私だって悲しい。ぐちゃぐちゃに泣きたい。けれど立ち止まったら、立ち上がれない直観があった。

火葬場

父の死んだ翌日は、前日の寒さも雪雲も消えて、明るい晴れた空と太陽に照らされて輝く雪が眩しかった。
親族と私達は、小さな家族葬の部屋を借りることができ、午前中のうちに火葬場に向かう。ワゴンタイプの地味な霊柩車を借りてもらい、棺と一緒に最後のドライブをした。
この時、窓から輝いて見えた、雪や冬の川の様子を私は一生忘れないと思う。美しいと同時に、何事もなく登った太陽が世界が恨めしかった。

変化

火葬場では叔母に、帰宅後は母に、父の気持ちを尊重する行動を起こしたことに、お礼を言われた。彼女らに感謝されたいわけではなかったが、父のほか彼女達にとってもよい結果を出せたのなら、よかったと思う。
3倍以上も歳の離れた魔物達に、1人で立ち向かい譲らなかった私の中に、彼女達は父の存在を感じたと言う。そういえば、面と向かって、魔物に立ちはだかり、意見を譲らなかったのは初めてだったかもしれない。
私にとって、父の死後の願いを叶えることは、彼との最後の約束を守ることだ。約束は絶対だ。これを聞き、理解していて、裏切る選択肢は持ち合わせていない。
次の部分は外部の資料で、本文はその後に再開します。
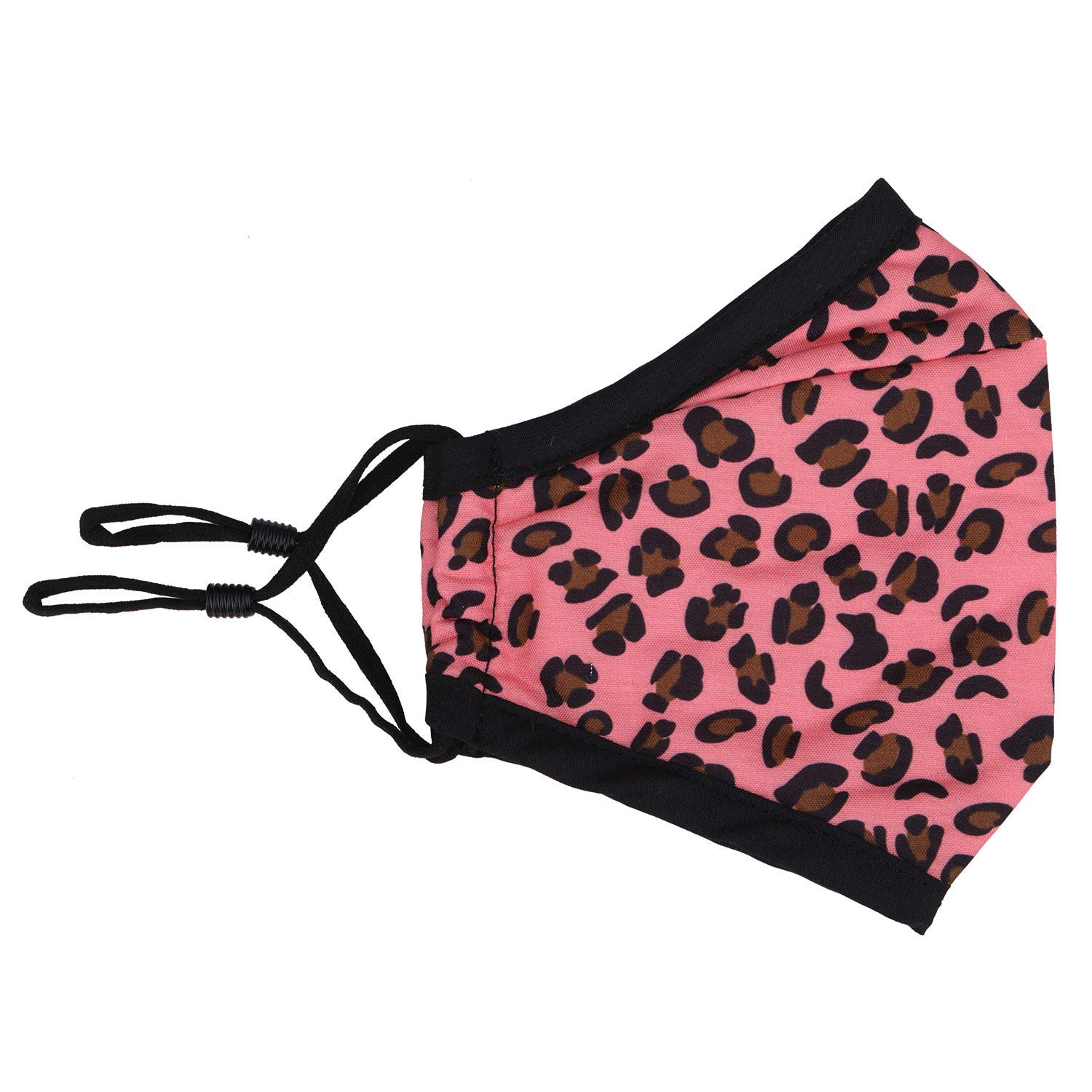 Trimming Shop Reusable Face Mask Washable Face Covering Bandana Face Mask, 3 Layer Cotton Face Mask Breathable Fashion Face Mask for Protection Against Pollution, Pink, 10pcs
その後、父を亡くしたと同時に、私は自分の中の一部も完全に失った事に気がついた。無邪気に未来を待ち構える心は消え失せた。
この出来事と、無事に決まった就職とその先の激務によって、鬱病の再発を何度か経験し、その度に価値観の更新を繰り返した。失った感情の空間を埋めるように、危機管理と回避の能力が高まっていった。

私の細胞と思考は、父がいなければ今の形につくられていなかっただろう。当時の唯一の理解者でもあった。最期に、身近な人間の死が周囲に及ぼす影響を、真に理解させてくれた存在にもなった。
再発のたびに、私の内側から湧き出る希死念慮を、現実のものとしないように、生々しい死というものを学ばせてもらったとも思う。

今、父が親になった年齢に近づき、私も娘を持つ親となった。娘の気質や成長、この数十年で変わりつつある世界とその先の未来について、父と語り合いたい考えが積み上がっていく。
私と娘は、夫と3人で、父は見られなかったけれど、きっと望むであろう世界の未来を見ていきたい。そして、その未来を出来る限り、最適化していきたい。